[Saved data entries]
==================================================

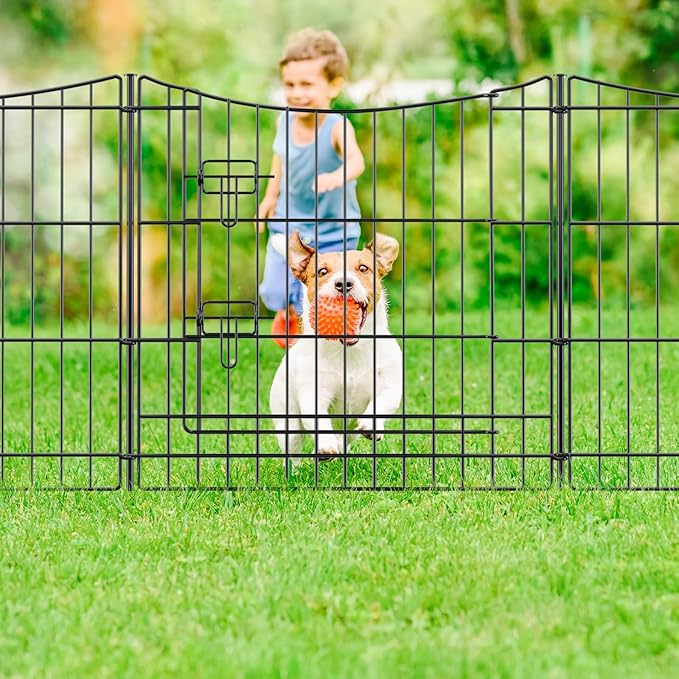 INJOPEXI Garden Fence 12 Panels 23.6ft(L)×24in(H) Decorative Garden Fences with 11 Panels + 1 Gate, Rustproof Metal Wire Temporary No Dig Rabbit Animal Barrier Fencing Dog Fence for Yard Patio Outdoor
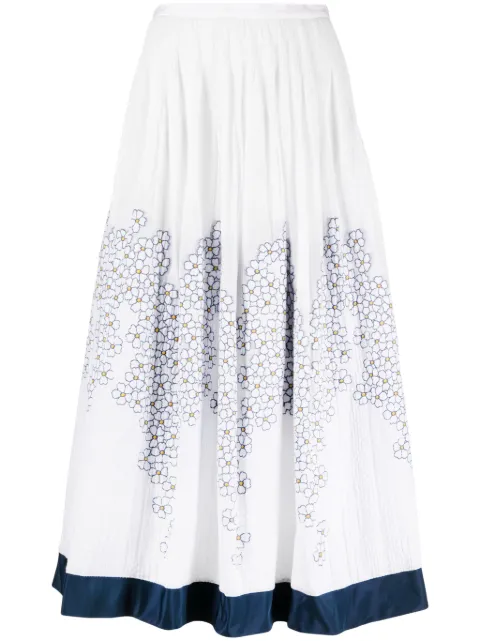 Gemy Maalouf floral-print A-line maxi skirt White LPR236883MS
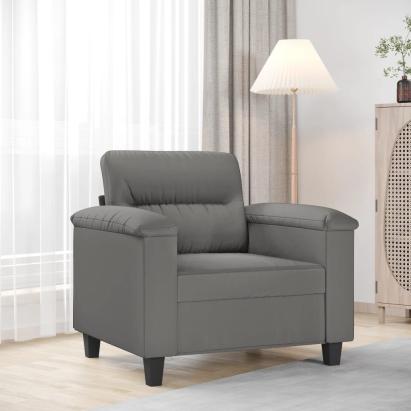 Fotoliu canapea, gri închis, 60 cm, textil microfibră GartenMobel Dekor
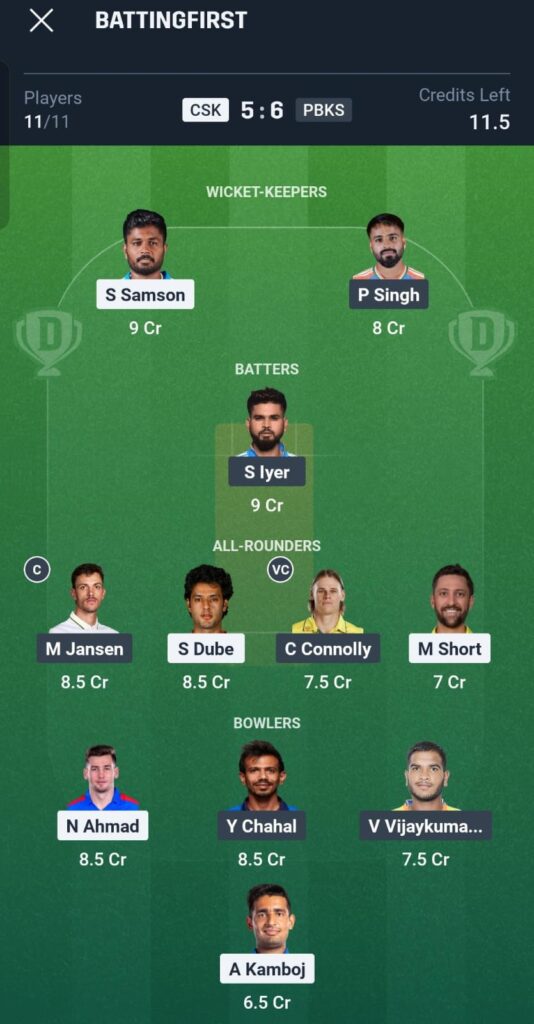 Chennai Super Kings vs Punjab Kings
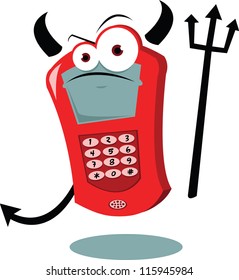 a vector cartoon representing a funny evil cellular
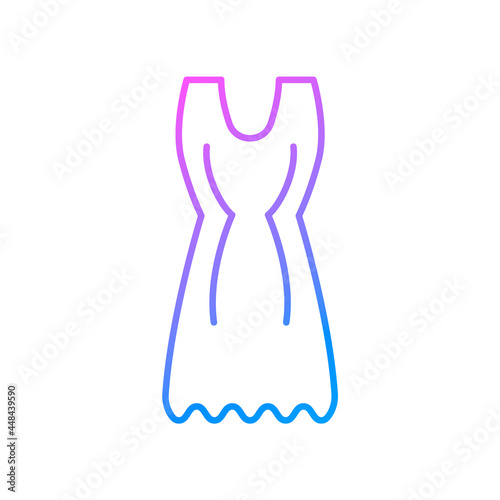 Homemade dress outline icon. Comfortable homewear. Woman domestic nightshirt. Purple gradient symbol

==================================================

### Task description
The answer must consist solely of the lines from the line containing "Fotoliu canapea, gri" to the end of the data, reproduced exactly, with every picture left out.

### Exercise solution
 Fotoliu canapea, gri închis, 60 cm, textil microfibră GartenMobel Dekor
 Chennai Super Kings vs Punjab Kings
 a vector cartoon representing a funny evil cellular
 Homemade dress outline icon. Comfortable homewear. Woman domestic nightshirt. Purple gradient symbol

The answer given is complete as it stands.